ACTION ITEM.
Output exactly the lines of the listing below that run from the line with "Longshan Temple Guide" through the line with "Korg Kronos 2 73-Key Synthesizer". No pictures.

EXTRACTED MATERIAL.

────────

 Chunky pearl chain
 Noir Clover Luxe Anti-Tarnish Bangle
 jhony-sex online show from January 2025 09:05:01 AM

────────

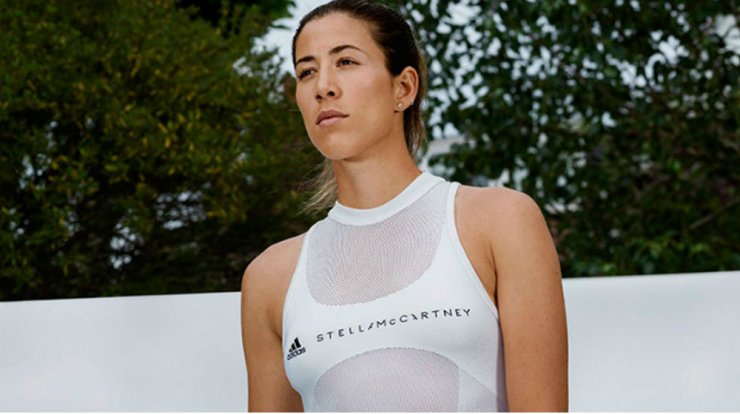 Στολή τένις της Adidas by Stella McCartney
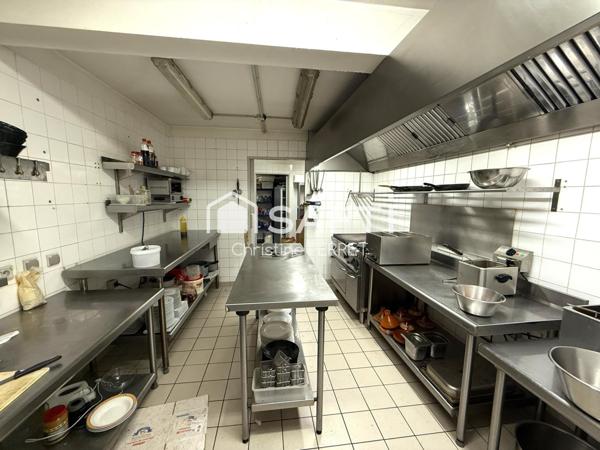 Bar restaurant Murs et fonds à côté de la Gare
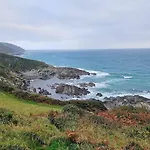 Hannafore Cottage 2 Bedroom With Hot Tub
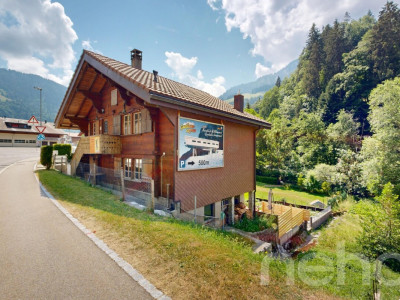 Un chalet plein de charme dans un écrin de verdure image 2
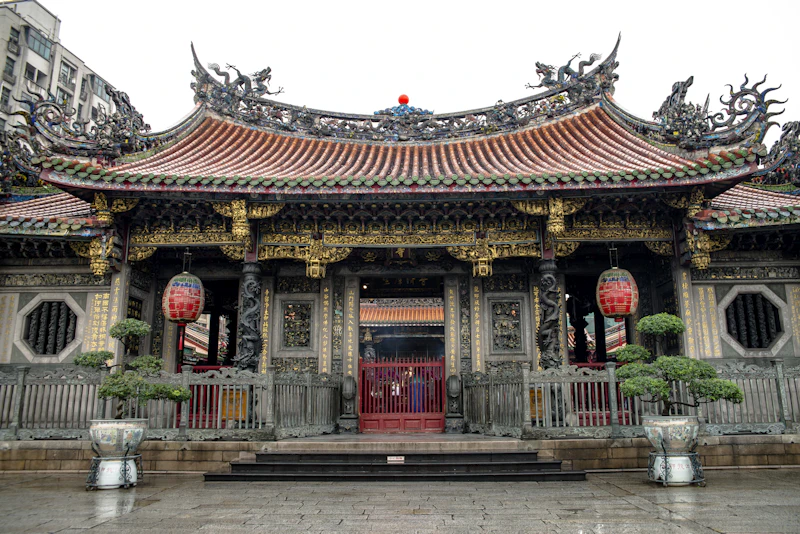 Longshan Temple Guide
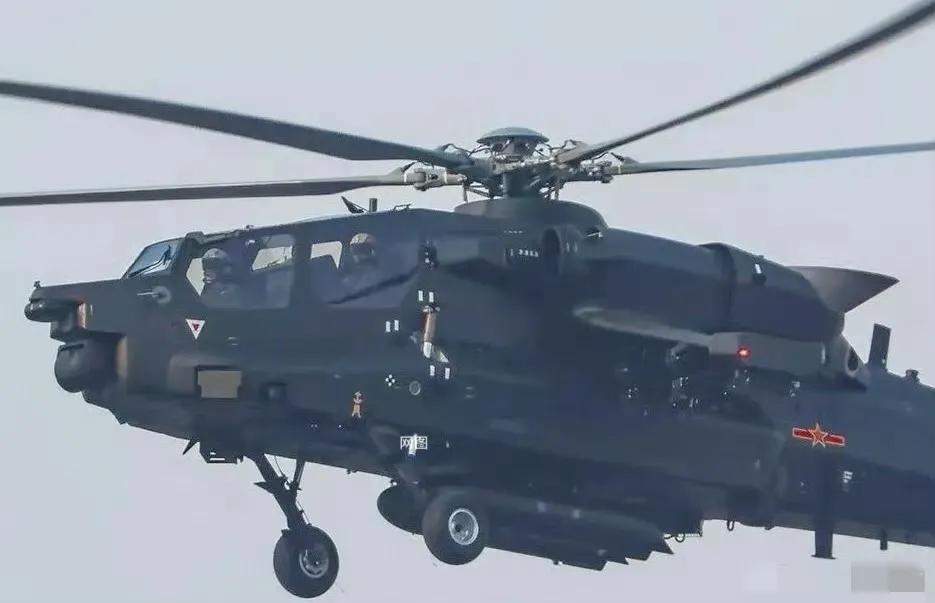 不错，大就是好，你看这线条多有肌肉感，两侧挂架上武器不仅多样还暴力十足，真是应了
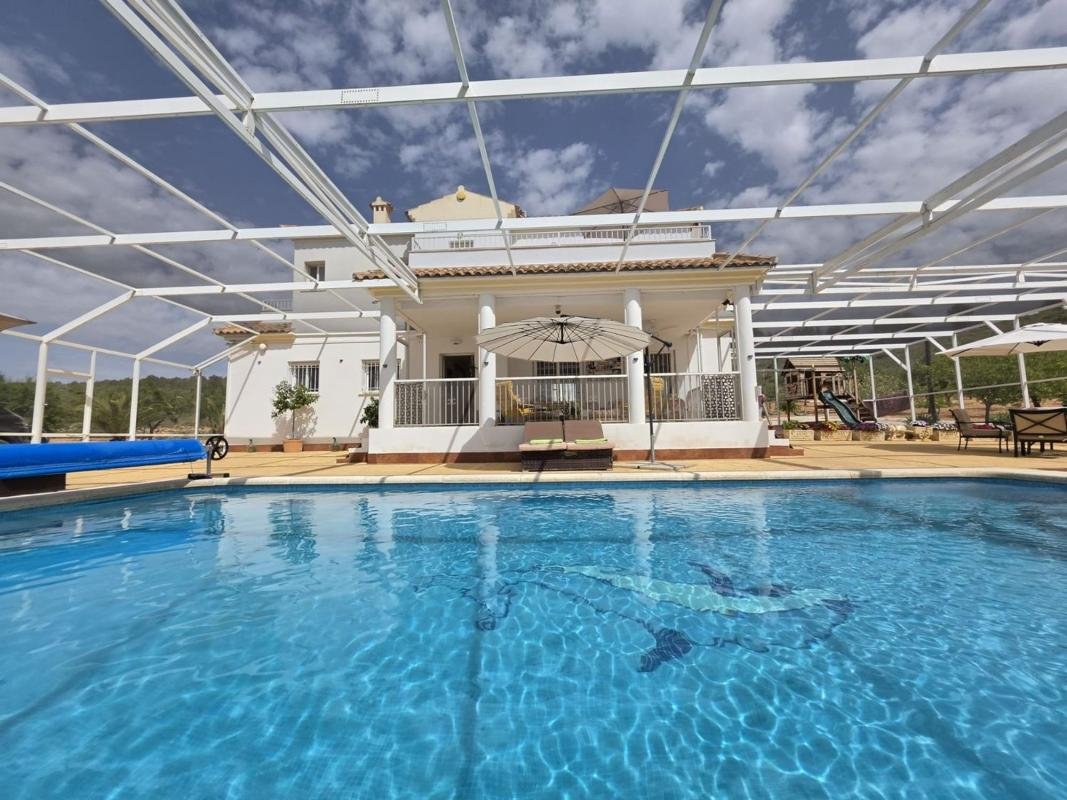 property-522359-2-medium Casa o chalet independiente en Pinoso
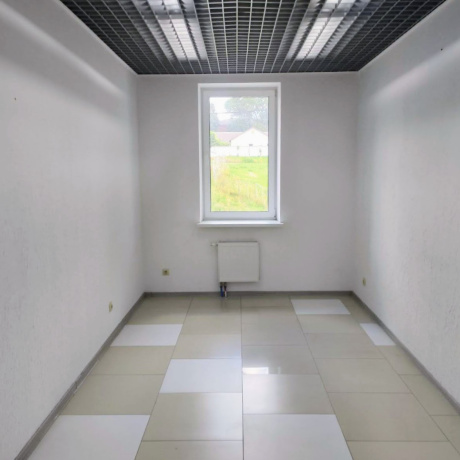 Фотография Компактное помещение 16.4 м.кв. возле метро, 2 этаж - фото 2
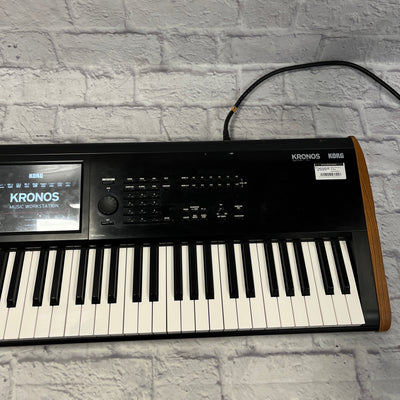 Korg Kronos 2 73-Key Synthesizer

────────

RESULT OF THE EXERCISE.
 Longshan Temple Guide
 不错，大就是好，你看这线条多有肌肉感，两侧挂架上武器不仅多样还暴力十足，真是应了
 property-522359-2-medium Casa o chalet independiente en Pinoso
 Фотография Компактное помещение 16.4 м.кв. возле метро, 2 этаж - фото 2
 Korg Kronos 2 73-Key Synthesizer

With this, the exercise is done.